ReviewThe Turning film review: Henry James horror classic gets confusing and messy adaptation
- This update of James’s 1898 ghost novella The Turn of the Screw proves an empty film that will leave cinema-goers mystified by the end
- Despite good acting by a strong cast, director Floria Sigismondi lets things down with wayward directing

2/5 stars
This pedestrian ghost story plods along in a vaguely competent manner until a thoroughly muddled ending makes the whole experience pointless.
A contemporary update of Henry James’s 1898 ghost novella The Turn of the Screw, The Turning banishes the subtle supernatural touches of the source work but fails to replace them with any notable shocks. The result is an empty film which ends up a confusing mess.
A brief prologue shows a young woman fleeing an isolated Gothic mansion in a panic, only to be attacked by a mysterious figure when she reaches the gate. The story proper begins when former teacher Kate (Mackenzie Davis) moves into the mansion to take on the job of governess to two spooky children.
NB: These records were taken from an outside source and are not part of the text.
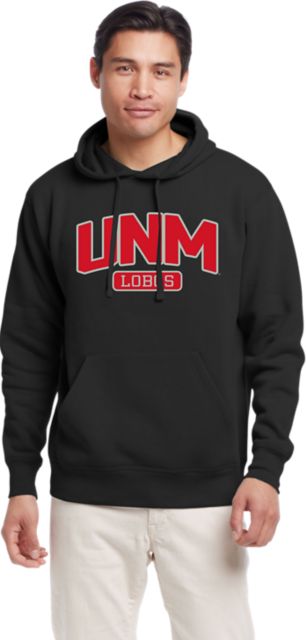 University of New Mexico Lobos Peace Hooded Sweatshirt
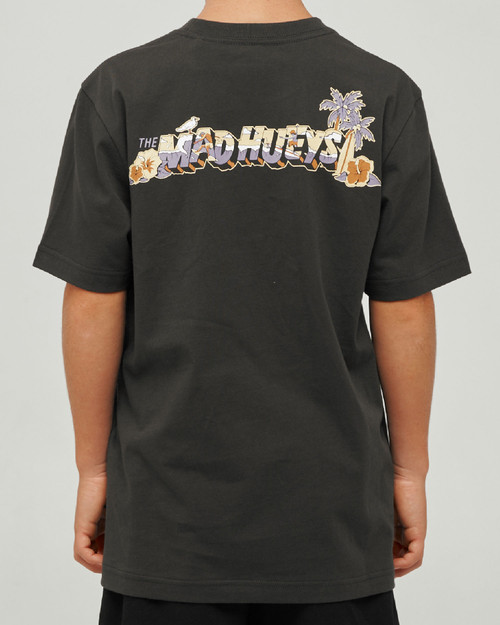 SURFING HUEYS | YOUTH SS TEE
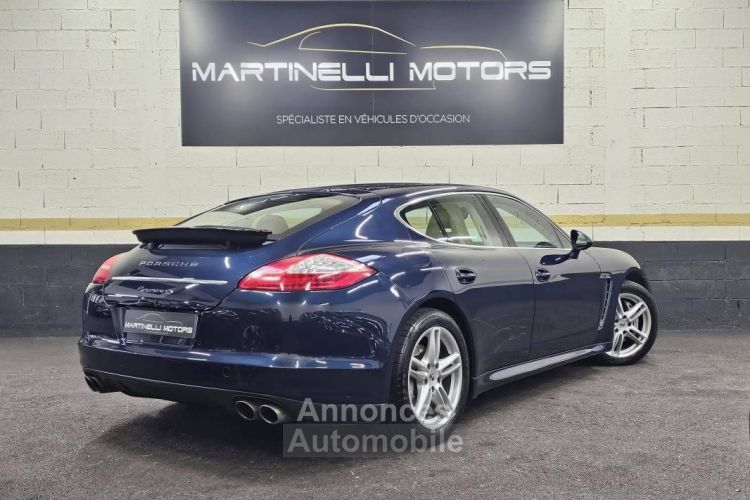 Porsche Panamera I (970) 4S PDK - <small></small> 29.990 € <small>TTC</small> - #4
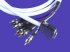 Межблочный кабель Supra VGA - 5RCA 4m фото 1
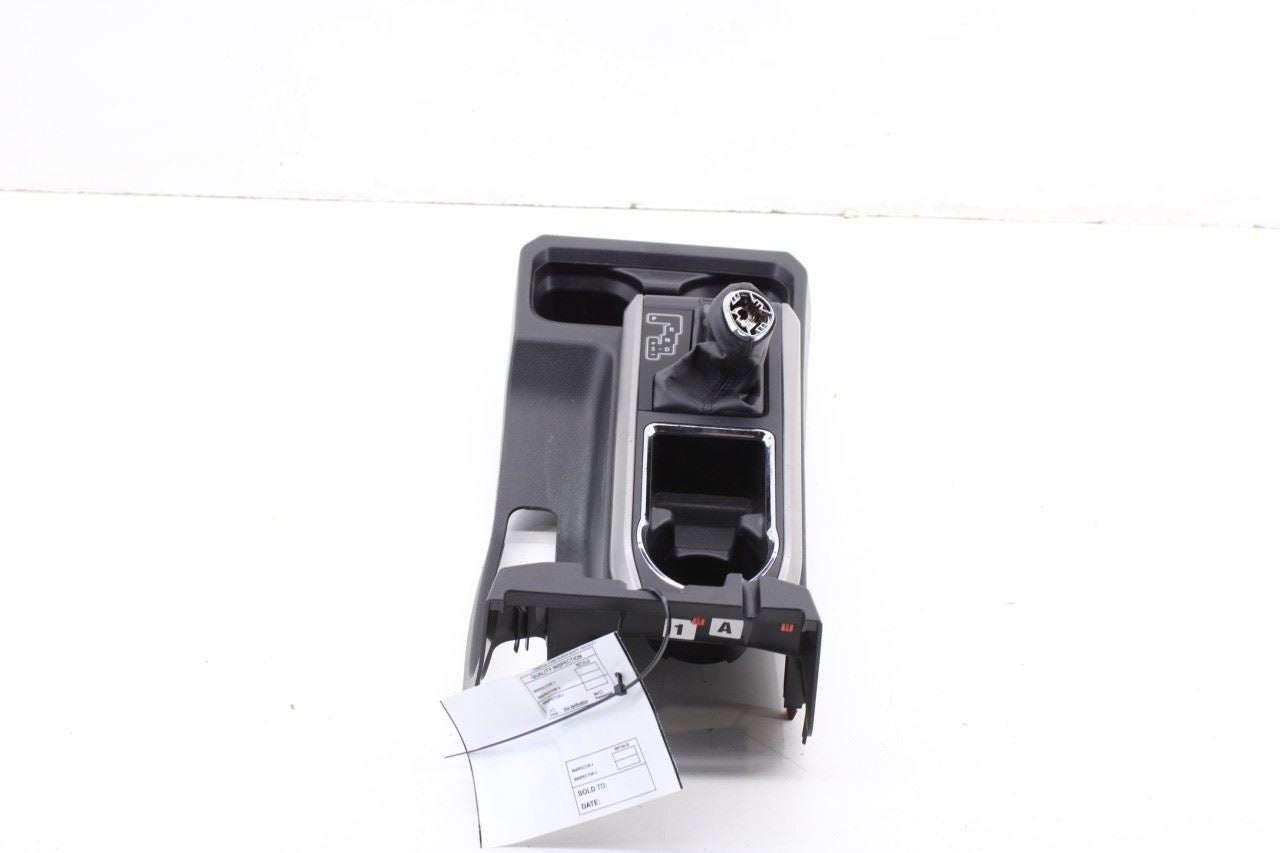 2015-2023 Toyota Tacoma Limited Center Console Upper Shifter Bezel Trim - Alshned Auto Parts
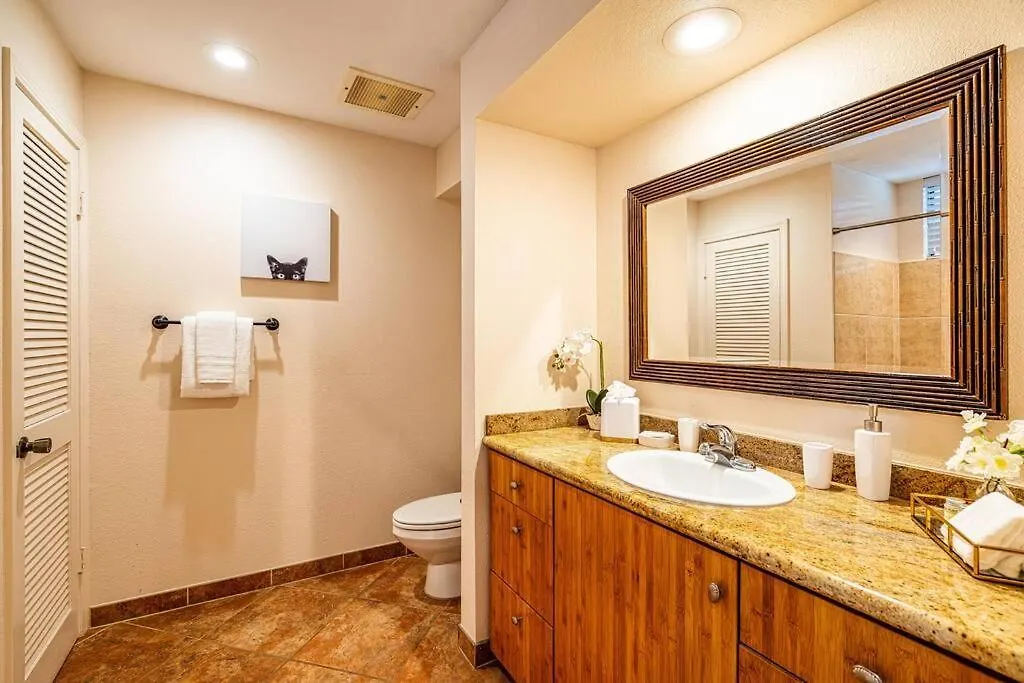 Apartment Grand Champion Getaway - Wailea Beaches Wailea (Maui)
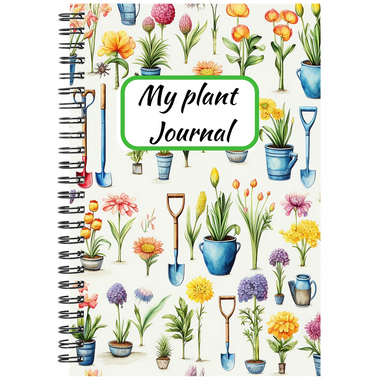 My Plant Journal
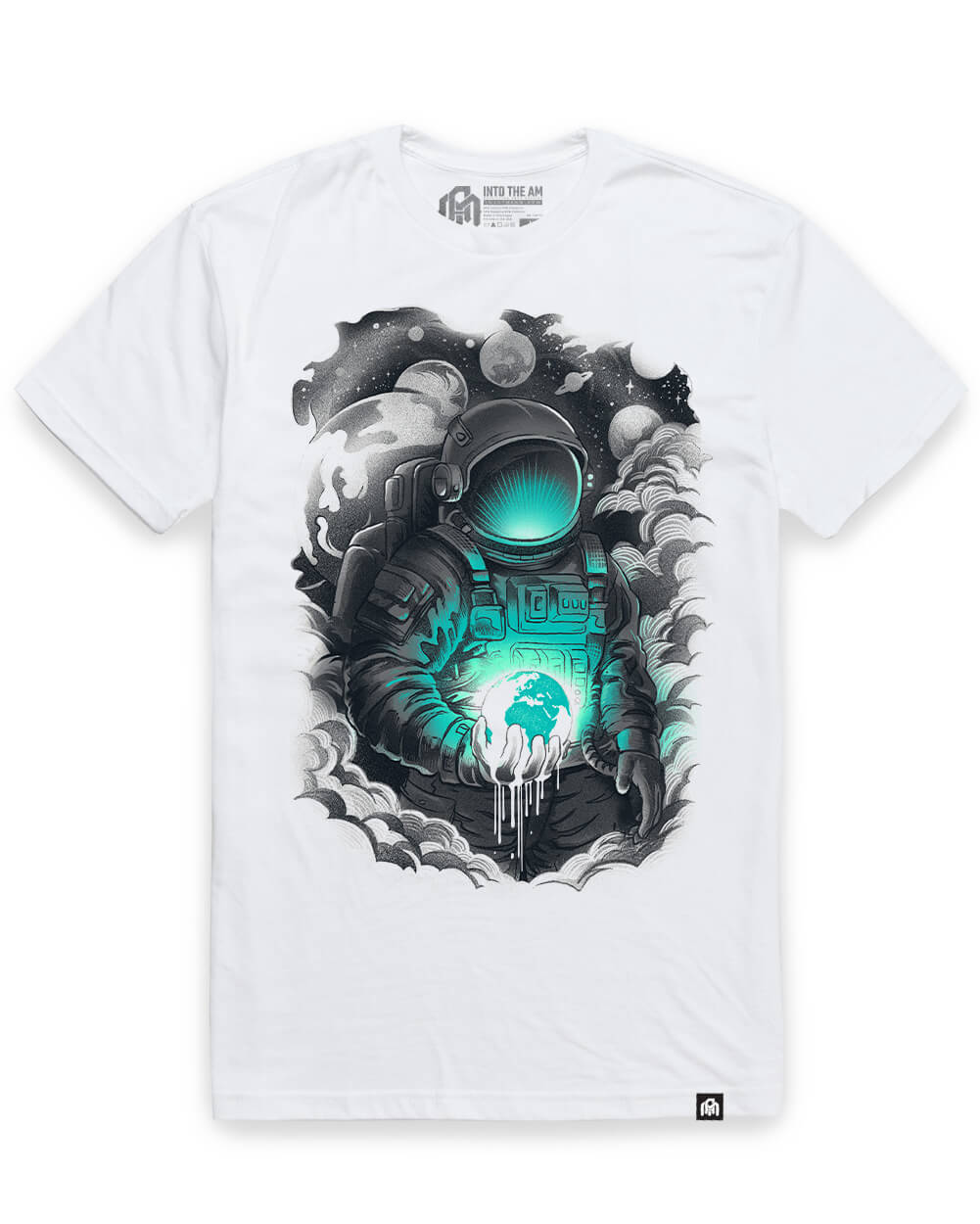 Dripping World Tee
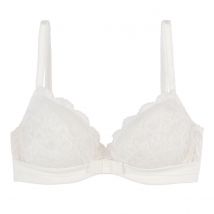 Soutien-gorge à armatures ivoire Innocente - Pomm'Poire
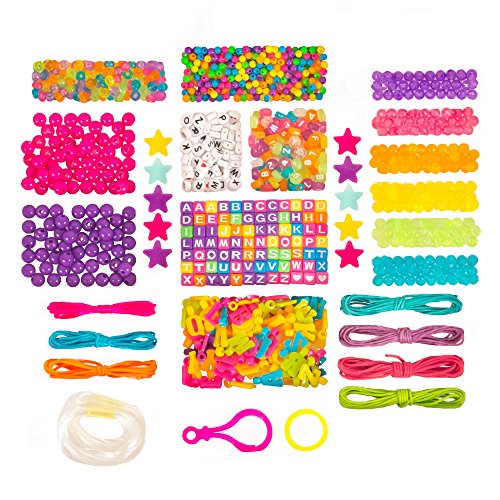 Just My Style ABC Beads by Horizon Group USA,DIY Jewelry Making Ki...
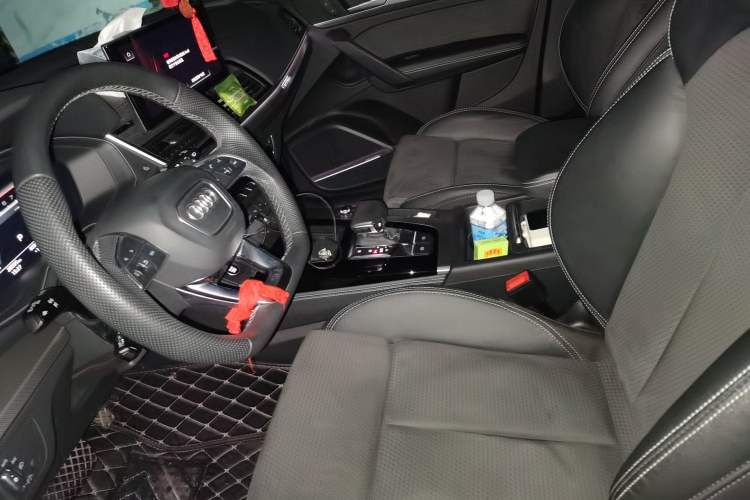 Used Audi Q5L Sportback 2022 45 TFSI Luxury Model
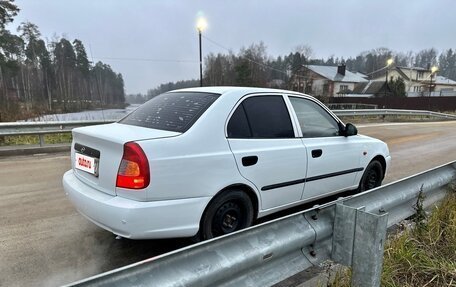 Hyundai Accent II, 2003 год, 250 000 рублей, 15 фотография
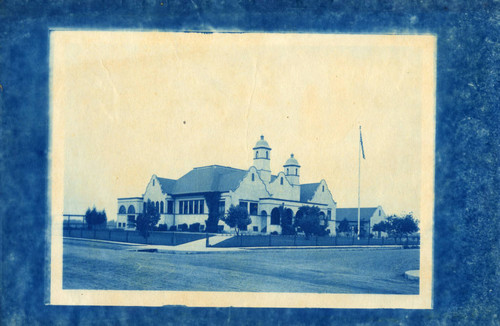 Compton Union High School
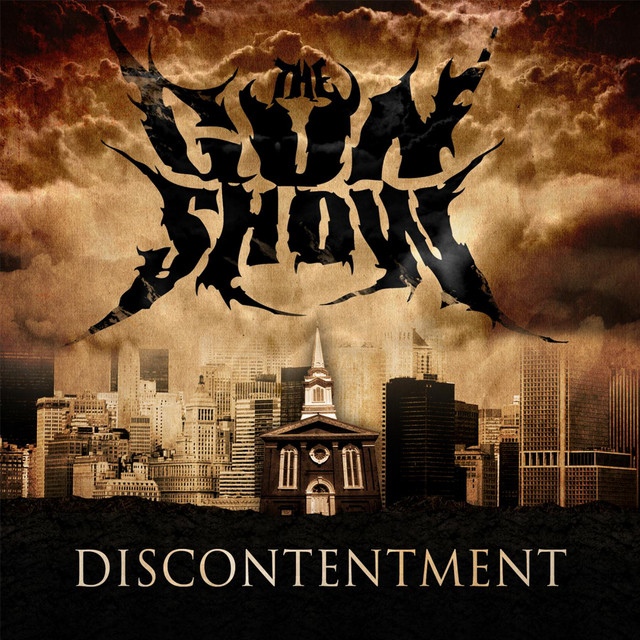 Discontentment album cover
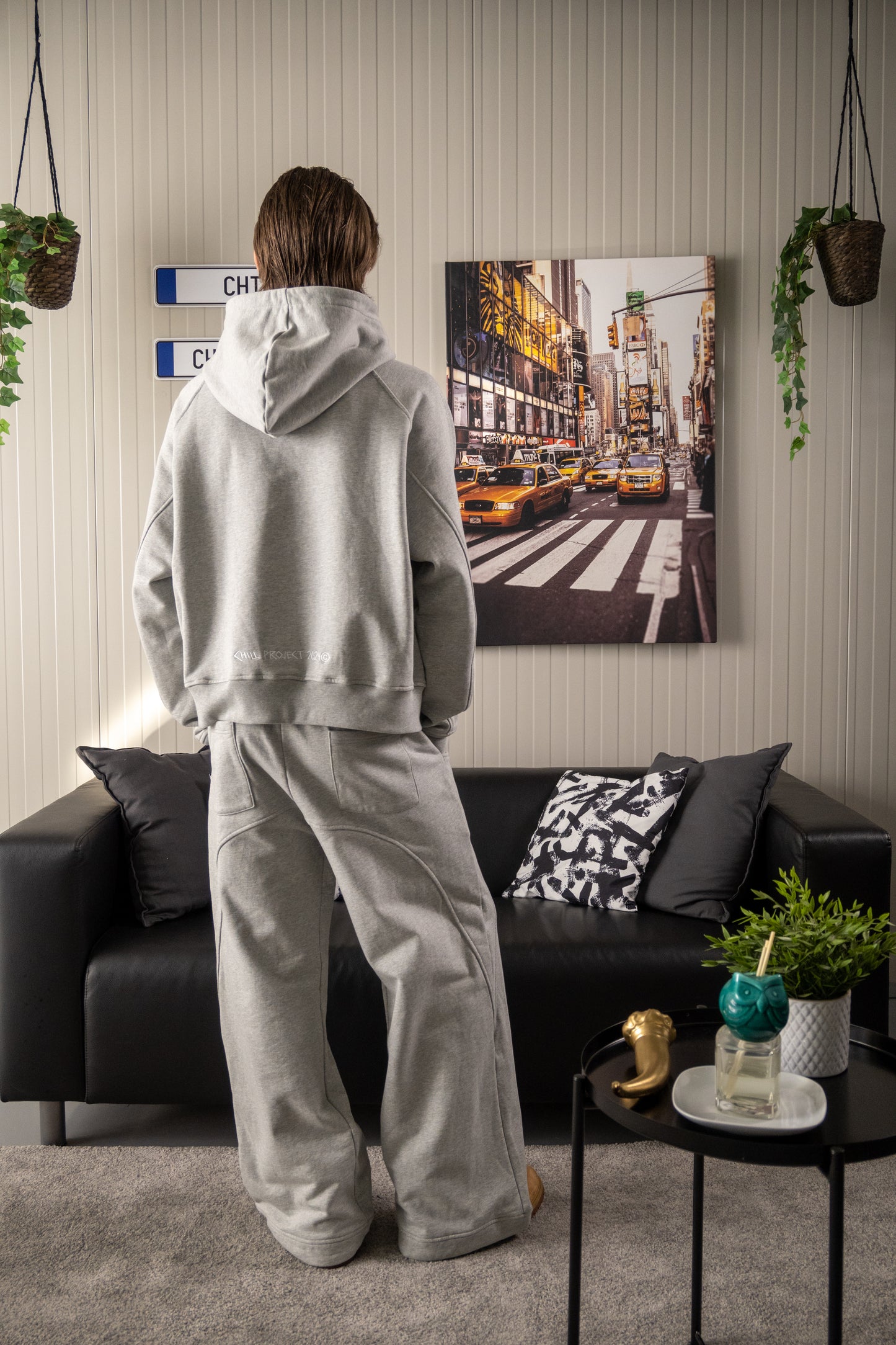 CHILL "COZY" Hoodie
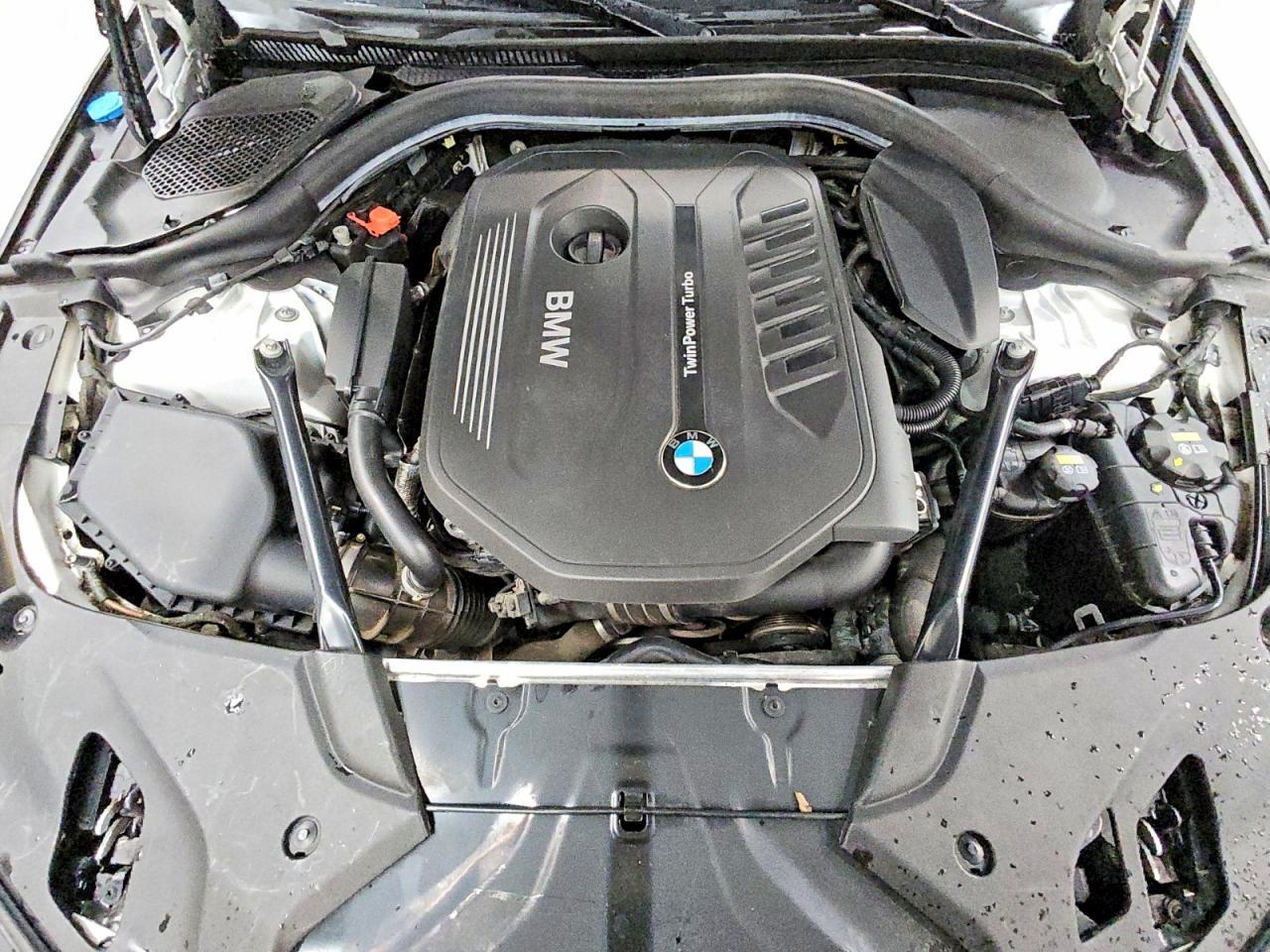 2017 BMW 5 series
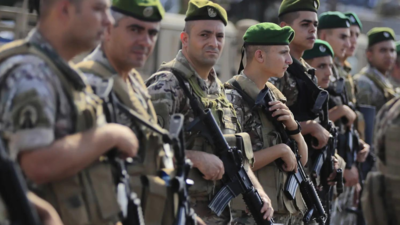 Lebanese army (AP) ‘Opportunity for wisdom’: Hezbollah approves of Lebanon’s plan of monopoly over weapons; Israeli offensive still looms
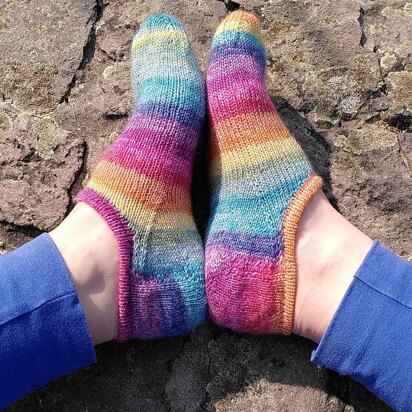 Free Sock Knitting Patterns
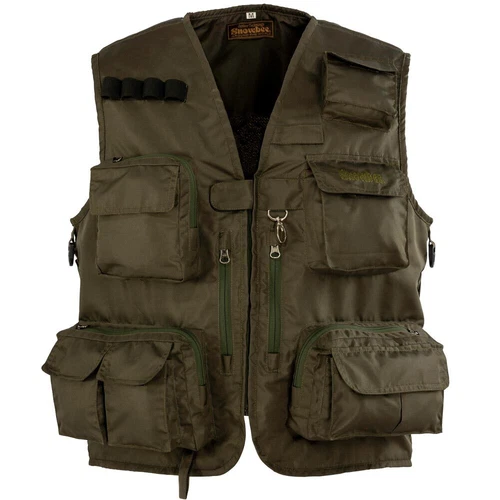 Snowbee All-Seasons Fly Fishing Vest - 11617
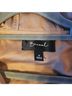Baccini Brown Jacket Size M - photo 3
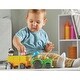 preview thumbnail 4 of 2, Learning Resources Peeksville Haul & Seek Tractor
Kate’s charges are the young Flora (Brooklynn Prince from The Florida Project ) and her teenage brother Miles (Finn Wolfhard from Stranger Things), both of whom enjoy taunting her. The children’s parents are both dead, and the moody kids are looked after by the stern housekeeper Mrs Grose.
Bedtimes are particularly fraught and Kate keeps noticing creepy figures wandering around the grounds. She gradually learns that the mansion’s former horse-riding instructor met a grisly end, something which Mrs Grose says was well deserved.